Même une ingrate comme moi pouvait comprendre à quel point l’offre de Tsuru était attentionnée.

Elle croyait que j’avais perdu ma maison et ma famille lors d’un raid aérien, et me disait qu’elle acceptait de m’accueillir et de me laisser vivre avec elle. Elle devait savoir que je me sentirais probablement obligée de refuser une proposition aussi généreuse si elle était faite sans contrepartie, alors elle la présentait plutôt comme une offre d’emploi.

Je sentis une douce chaleur envahir peu à peu mon cœur.

Agrippant le tissu défraîchi de mon monpe, je m’inclinai devant elle aussi bas que possible

— …J’adorerais, dis-je. Merci beaucoup.

— Je suis ravie de l’entendre… dit Tsuru. Tu seras d’une grande aide.

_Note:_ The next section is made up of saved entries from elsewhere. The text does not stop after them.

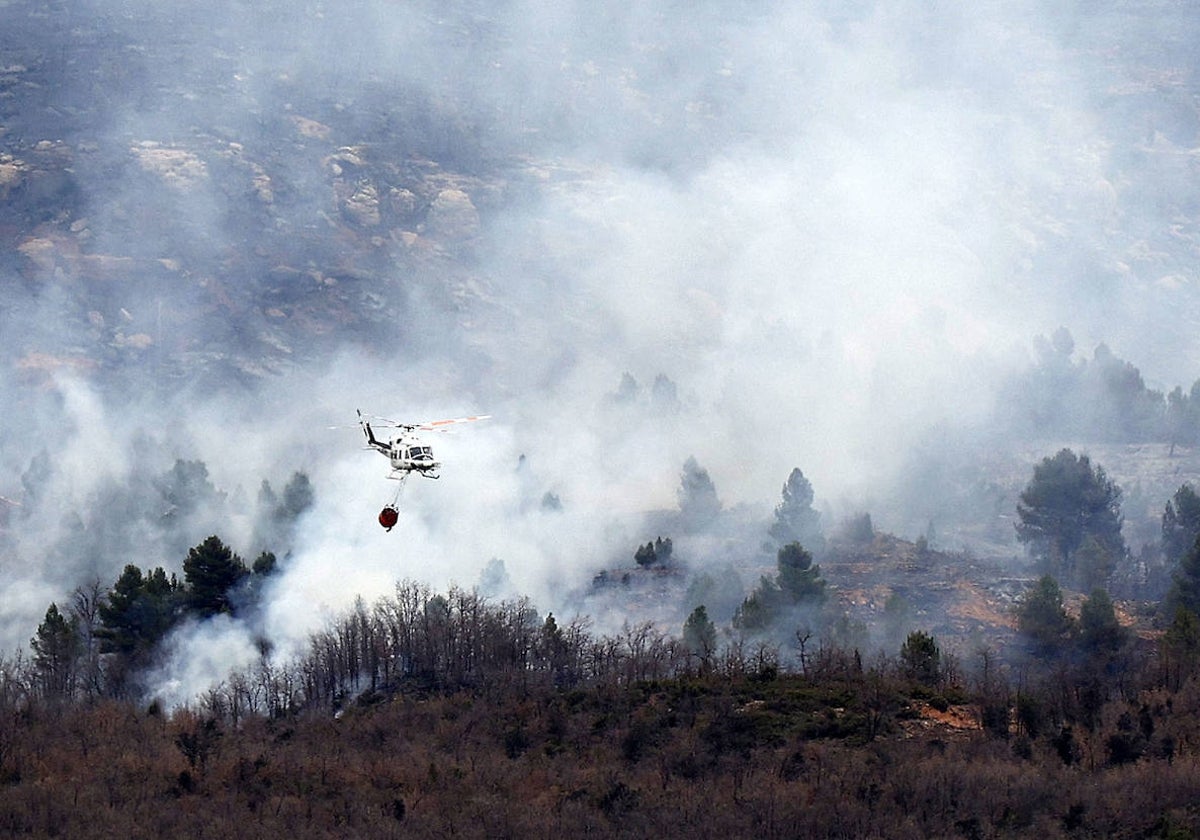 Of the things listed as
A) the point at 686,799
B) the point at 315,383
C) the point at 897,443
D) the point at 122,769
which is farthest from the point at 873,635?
the point at 315,383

Quelle femme bienveillante. Elle accueillait une inconnue croisée par hasard dans la rue et lui offrait un endroit où se sentir chez elle, sans même savoir si elle lui serait vraiment utile. Sans elle, je serais sans doute morte de faim, sans abri, dans les rues de ce monde inconnu en l’espace de quelques jours.

Bien sûr, ce n’était pas seulement elle que je devais remercier.

Akira m’avait sauvé la vie, lui aussi.

J’espérais avoir l’occasion de le revoir.

Je devais encore le remercier comme il se devait pour ce qu’il avait fait.

[1] Monpe : pantalon de travail traditionnel japonais, ample, resserré aux chevilles et noué à la taille, porté surtout par les femmes (notamment dans les campagnes).